İDÇ YETKİLERİ AİLENİN YANINA GELMEDİ
Acılı babanın ve annenin feryatları ve gözyaşları defin süresince durmadı. Oğlunu İDÇ’nin kâr hırsına kaptıran anne ısrarla İDÇ fabrikasından bir yetkili aradı ve gelmesi için feryat etti. Hiçbir şeyin karanlıkta kalmasını istemediğini söylerken, sorumluların hesap vermesini istediğini belirtti.

Cenazenin ardından aile evinde taziye için toplanıldı. Acı olaydan bir gün sonra sıcak ve parlak 28 Temmuz günü ikindi vaktinde Aliağa Merkez Camisi kapısına ilk gelenler, çoğunlukla bakım işçileri ve çelikhane işçileriydi. İşçiler, sabahtan beri buradaydı, acılı ailenin evinde.

Cenaze kalabalıktı, Menemen’de ne kadar arkadaşı varsa gelmişti. Utku Karabaş yalnız kalmadı... Aliağa Merkez Camisinden mezarlığa kadar süren cenaze merasiminde görünüm şöyleydi...

BABA HALİT BEY...
Oğlunun iş arkadaşlarından oluşan kalabalık içinden 3 kişinin kolları arasında güçlükle ayakta durarak arada adım atarak cami kapısına gelebiliyor baba Halit Karabaş.

Omuzlarına dünyanın en büyük acısı binen bu yarı çökmüş, zar zor ayakta duran adam kendi arkadaşları tarafından da yalnız bırakılmıyor. Her biri yanına gelip hasretle, şefkatle, merhametle, kimisi kendini tutamayıp ağlayarak bu iki gözü iki çeşme ihtiyarın iki yanağından öpmeye çabalıyor. Belki düne kadar yaşlılık nedir hiç aklına gelmeyen adam arkadaşlarına ısrarla hep aynı şeyi soruyor. Adeta dünyadaki tüm şefkat duygularının biriktiği, yuvarlak bir ilaç şişesi gibi görünen ıslak gözleri arkadaşlarına doğru bakıyor ve diyor ki: “Ana gitti, baba gitti, kardeş gitti, böyle bir acı olmadı, bu bambaşka bir şeymiş, bambaşka... Allah’ım nasıl taşıyacağız bu yükü? Bu ne kadar ağır bir şeymiş...” Yine de sözleri hiçbir cevap beklemiyordu, kimse de teselli adına bile cevap veremiyordu...

ANNE GÜLTEN HANIM...
Anne Gülten Hanım babadan daha bitkin, kendini kaybetmiş ancak daha öfkeli geldi cami avlusuna. Daha doğrusu kadınlara izin verilen yere, cami kapısına kadar, orada banka otururken adeta yığıldı kaldı. Ancak saatler öncesinden gelen genç ve yaşlı kadınlar etrafına telaşla toplandı. Oğlunun tabutun içinde cansız ve ruhsuz yatmasını asla kabullenmiyor ve etrafta habire buna sebep olanları arayarak kabul etmeyeceğini haykırıyordu.

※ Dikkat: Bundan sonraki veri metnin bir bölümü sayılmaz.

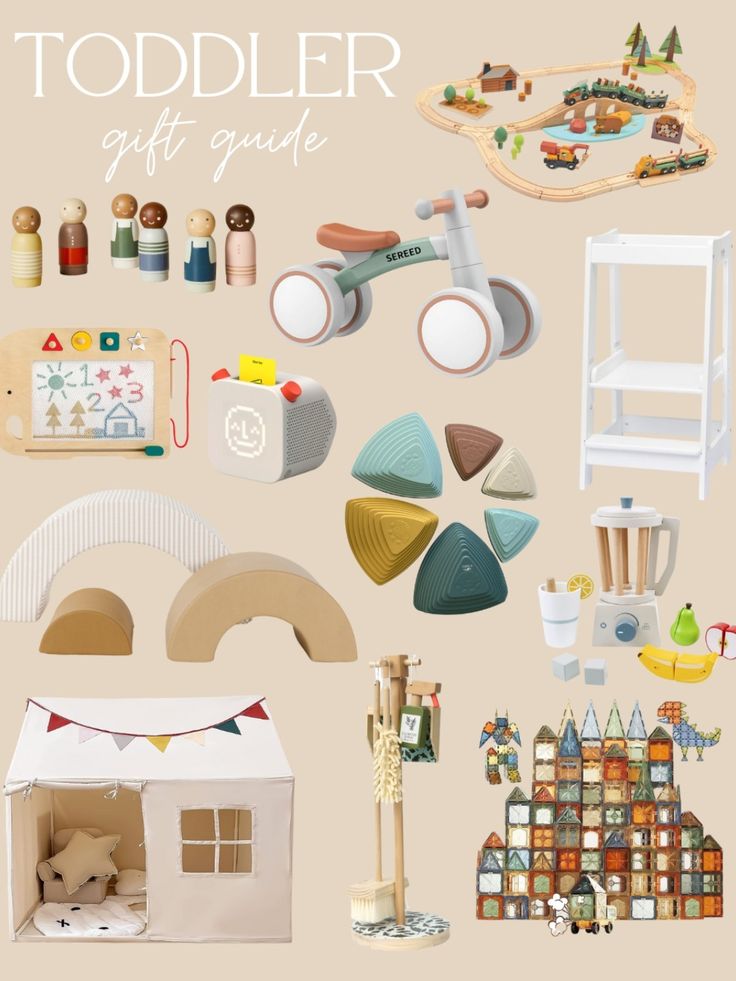 a collection of toys and other items for a child's gift guide on a beige background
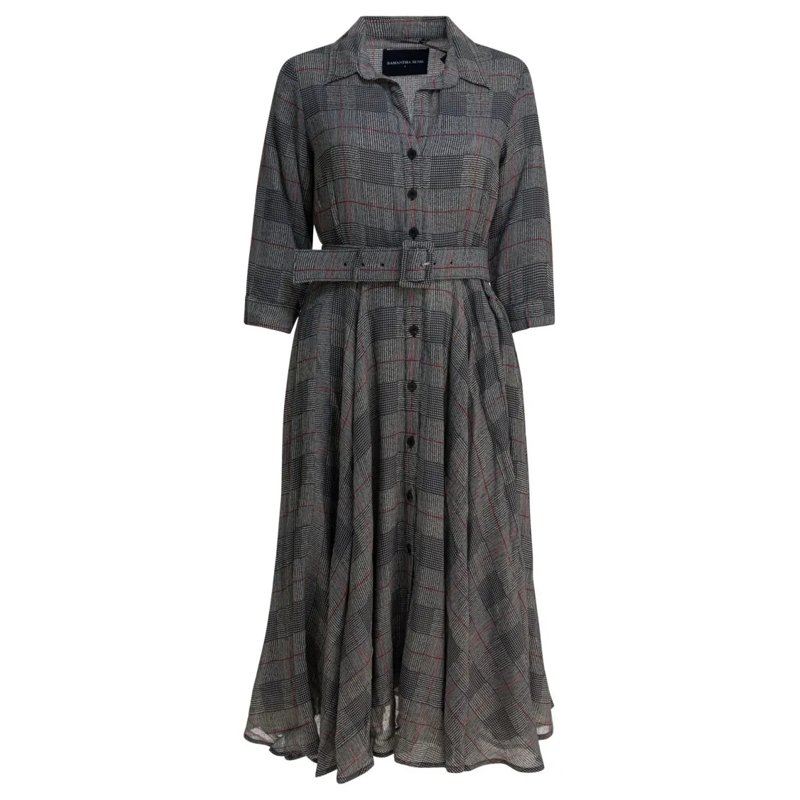 Samantha Sung Midi-jurk Grey Wool Dress Grey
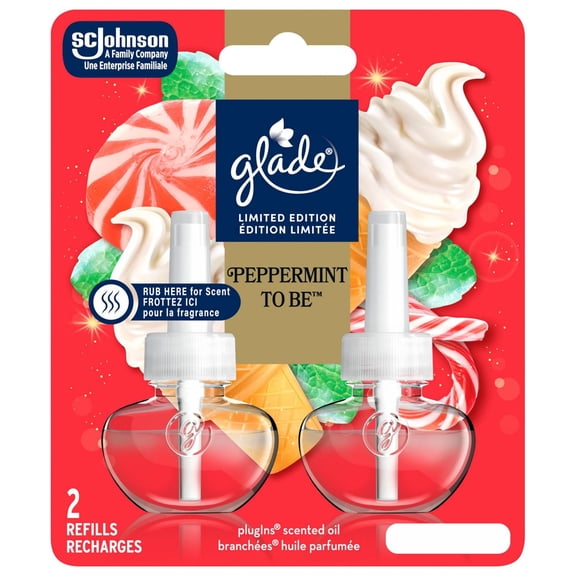 Glade Plugins® Air Freshener Oil Refill, Peppermint To Be™, Stocking Stuffer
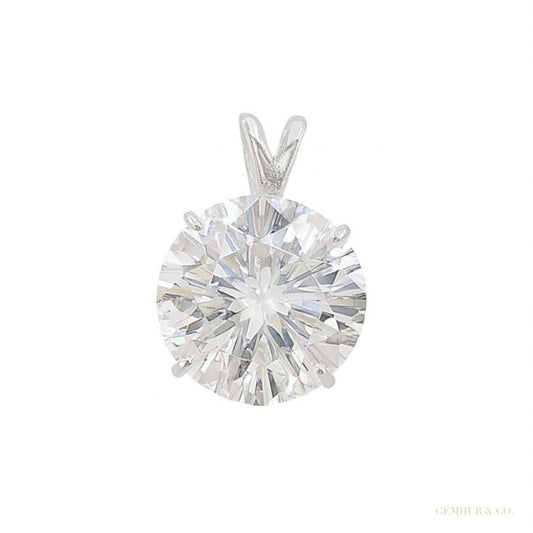 7.50 ct DEW White Round Cut Moissanite Solitaire Pendant In Vermeil 925 Silver – white background main image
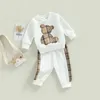 장난 꾸러기 024m 여자 아기 가을 옷 출생 유아 긴 슬리브 격자 무늬 곰 패턴 탑 스웨트 셔츠 바지 의상 복수 230822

“İDÇ’den kimse yok mu? Nerde İDÇ’ciler, kimse gelmedi mi? Hadi bana hesap versin anlatsın, nasıl olduğunu, karanlıkta bırakmasın... Nerede İDÇ yetkilileri bir kişi bile yanıma gelmedi?” sözleri, acı feryatlar ve oğluna duyduğu bitmek bilmez hasretle havaya savurduğu meydan okumalar ile çoğalıyor. “Beni İDÇ’ye götürün, orayı başlarına yıkarım gerekirse, hesap verecekler” diyordu. Sahiden de Utku’nun iş arkadaşları bir yana (Onlar sabahtan ziyarete gelmişlerdi) ne bir İzmir Demir Çelik idarecisi ne bir sendika temsilcisi ortalıkta görünüp de bir yakının yanına sokuluyor, yalan da olsa teselli için konuşmaya cesaret ediyordu.

EŞ DOST AKRABA, HERKES UTKU’YU SEVİYOR
Burada bu vesile ile ilk defa bir cenaze namazında bu kadar kalabalık bir kadın katılımı görüldüğü rahatça söylenebilir... Sanki insanlar ilk defa genç birinin cenazesine gelmiş, ilk defa bir işçinin çalışırken öldüğüne tanık olmuş gibi gelmişlerdi. Bütün gözlerde yaşananlara inanamamış, olduğu yerde yabancı hissedenlere ait bir duruş vardı. Bütün bu görünümden kendisiyle hiç tanışmamış biri olarak Utku’nun yaşamı boyunca nasıl bir sevecenlik ve nezaket içinde büyüdüğünü, kendisinin ne kadar içten ve saygılı biri olduğunu çıkarmak hiç zor değildi.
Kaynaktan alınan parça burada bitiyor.